I think, sometimes, how I look next to my seminarian partner and how, God willing and the people consenting, I will be a priest’s wife. I watch priests’ spouses I admire and how each of them define their roles, from supportive detachment to parish community organizer, and I think about how that will shape my sense of self. I know we, bi ace queers, poofs, look straight to the unwary churchlady. We share an understanding of ourselves, a set of vintage English queer touchpoints that allows me to be in some way a gay man beside him. My complicated identities as a queer woman and an altar server are mostly in relation to myself, my churches, and their histories.
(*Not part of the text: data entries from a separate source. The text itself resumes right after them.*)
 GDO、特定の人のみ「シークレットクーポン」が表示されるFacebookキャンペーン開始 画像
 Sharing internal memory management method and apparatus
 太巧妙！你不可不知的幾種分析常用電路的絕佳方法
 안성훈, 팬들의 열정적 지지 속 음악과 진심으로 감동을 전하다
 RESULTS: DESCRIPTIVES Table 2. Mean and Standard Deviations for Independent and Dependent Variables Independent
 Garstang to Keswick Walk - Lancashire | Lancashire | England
But I do think about what it would mean to serve at the altar next to a man with whom I have that double relationship, between priest and server, husband and wife. How new it is for a woman to take the role of a male server, and how old the form of men who serve the church living together is. The careful attention that the altar party pays to each other’s movements. The intimacy of giving and receiving the bread and the wine. I am reminded of Barbara Kruger’s collage “Untitled (You construct elaborate rituals which allow you to touch the skin of other men)” (1981). It is pseudo-monastic for men to live together, oriented towards the church, prayer, study, labour, and although we are very much a couple, it in some ways carries over to us, myself conditionally a man.
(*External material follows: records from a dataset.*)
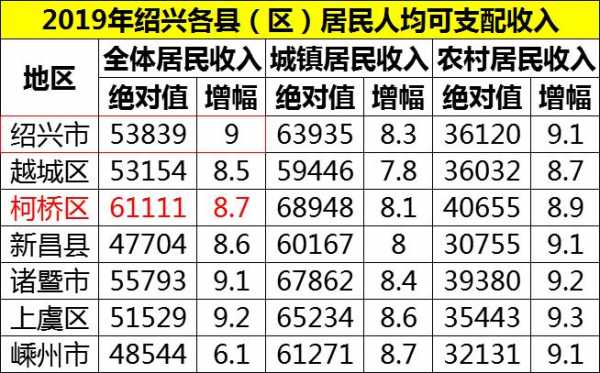 绍兴的收入（绍兴收入排名）-图3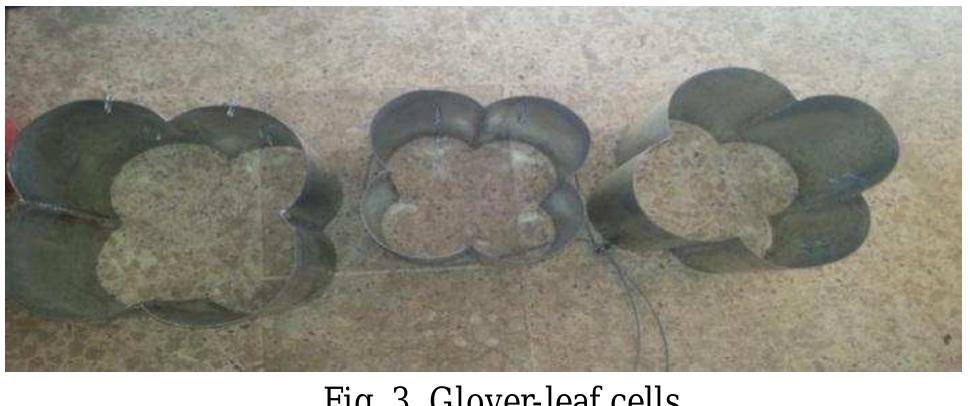 Cloverleaf Pattern Field Defect (PDF) Studying the Effect of Geometry and Type of Soil on the Stability ...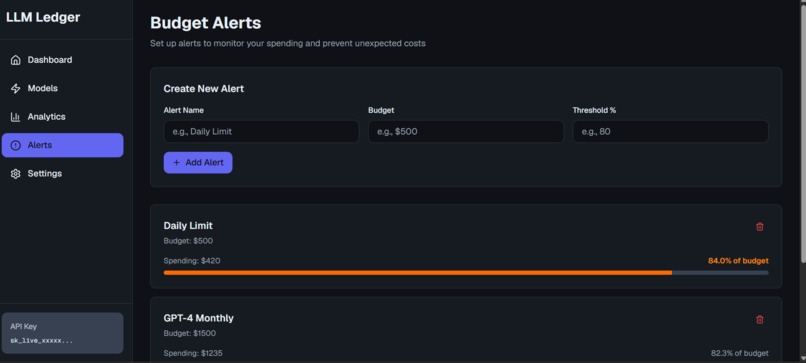 LLM Ledger — AI API Cost Intelligence – screenshot 5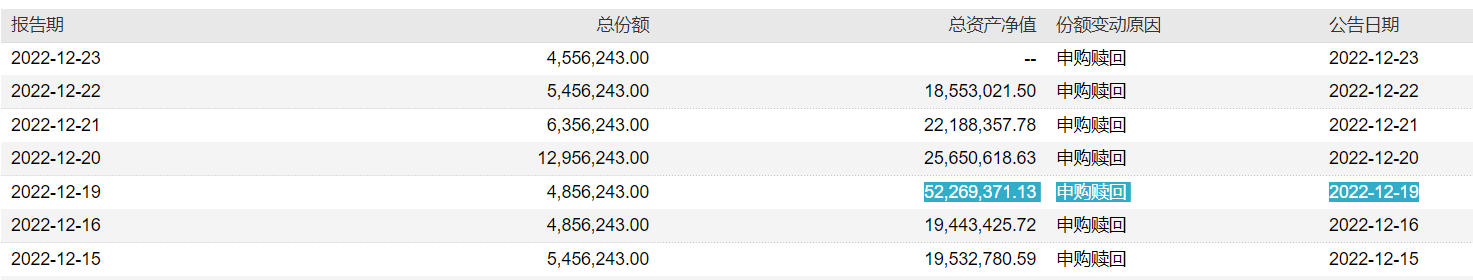 數據來源:wind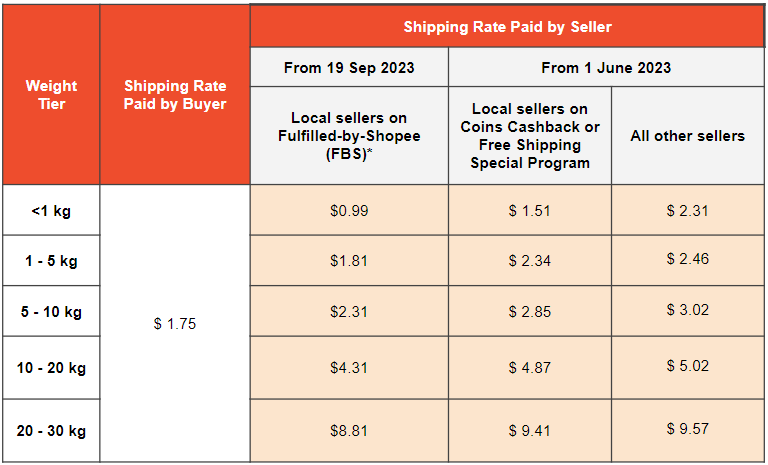 FBS Fees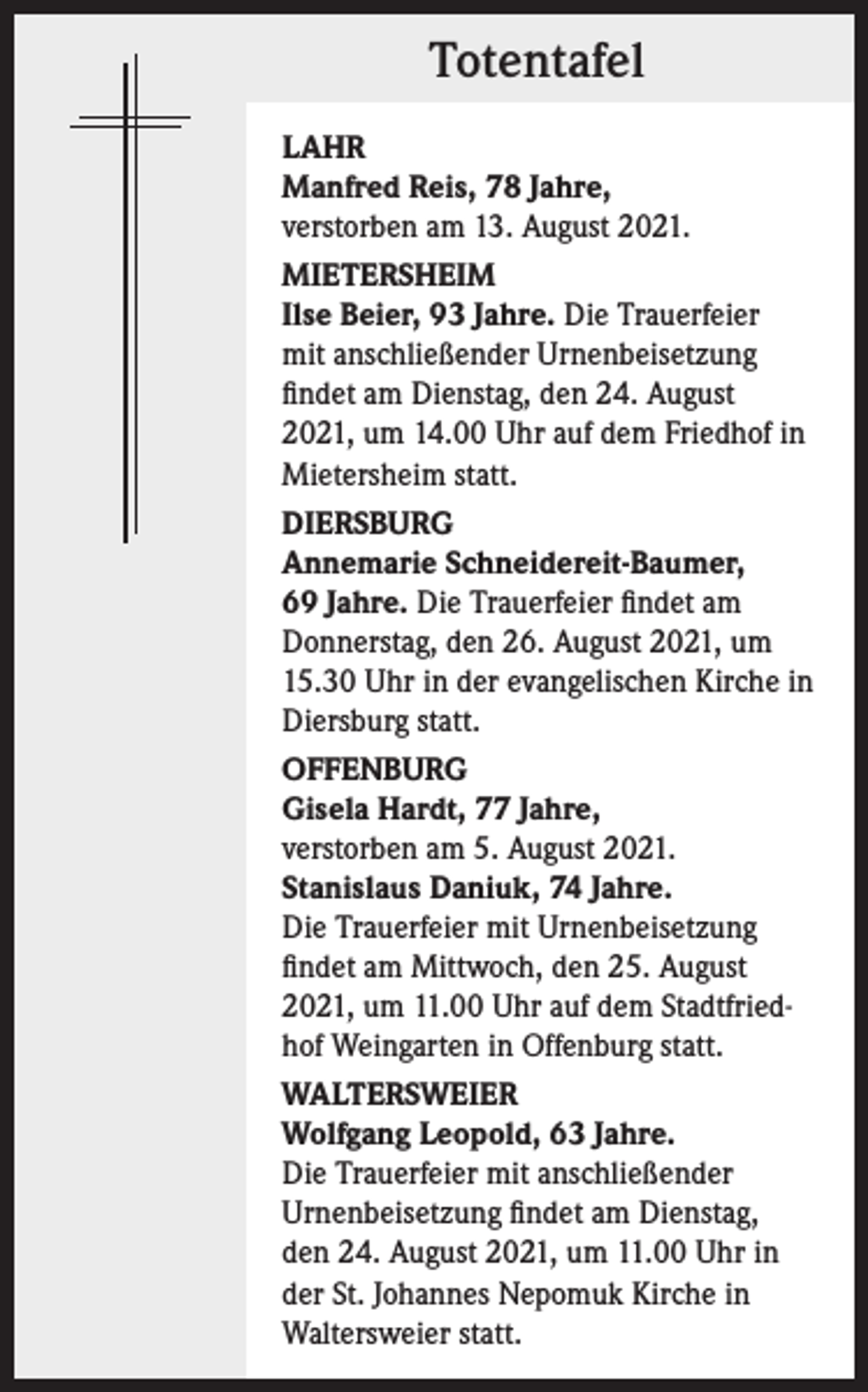 <p>Totentafel<br />LAHR<br />Manfred Reis, 78 Jahre,<br />verstorben am 13. August 2021.<br />MIETERSHEIM<br />Ilse Beier, 93 Jahre. Die Trauerfeier<br />mit anschließender Urnenbeisetzung<br />findet am Dienstag, den 24. August<br />2021, um 14.00 Uhr auf dem Friedhof in<br />Mietersheim statt.<br />DIERSBURG<br />Annemarie Schneidereit-Baumer,<br />69 Jahre. Die Trauerfeier findet am<br />Donnerstag, den 26. August 2021, um<br />15.30 Uhr in der evangelischen Kirche in<br />Diersburg statt.<br />OFFENBURG<br />Gisela Hardt, 77 Jahre,<br />verstorben am 5. August 2021.<br />Stanislaus Daniuk, 74 Jahre.<br />Die Trauerfeier mit Urnenbeisetzung<br />findet am Mittwoch, den 25. August<br />2021, um 11.00 Uhr auf dem Stadtfriedhof Weingarten in Offenburg statt.<br />WALTERSWEIER<br />Wolfgang Leopold, 63 Jahre.<br />Die Trauerfeier mit anschließender<br />Urnenbeisetzung findet am Dienstag,<br />den 24. August 2021, um 11.00 Uhr in<br />der St. Johannes Nepomuk Kirche in<br />Waltersweier statt.</p>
I am a feminist who doesn’t mind the Book of Common Prayer’s use of ‘man’ to mean person. I grew up with Vatican II’s gender-neutralized language, and it had little effect on the church’s practice of inequality. Conversely, if I am secure knowing that my parish affirms me, I don’t need the language to demonstrate. And this is a selfish thrill, but I like being part of ‘us men and our salvation.’ I look less butch now than I have in several years. That, again, is the feeling that I don’t need to fight so hard to be understood and respected. I am not performing gender to an audience. I don’t think many people in my new parish are looking to see what I am. They would not be hostile if they knew, only confused, accepting what I told them at face value rather than developing its richness with me. I miss my home parish. But I also don’t need to be seen.
When I vest, the inherent drag of Anglo Catholic history holds me. It gives me a double body, of a woman at the altar and of a queer, effeminate man. My masculinity is not only because I was an altar girl who wanted to be a male priest, but that informed it. It isn’t coincidence that there is one area of my life in which I feel it most strongly, that I slip easily and gratefully into the complexity Anglican altar serving offers me.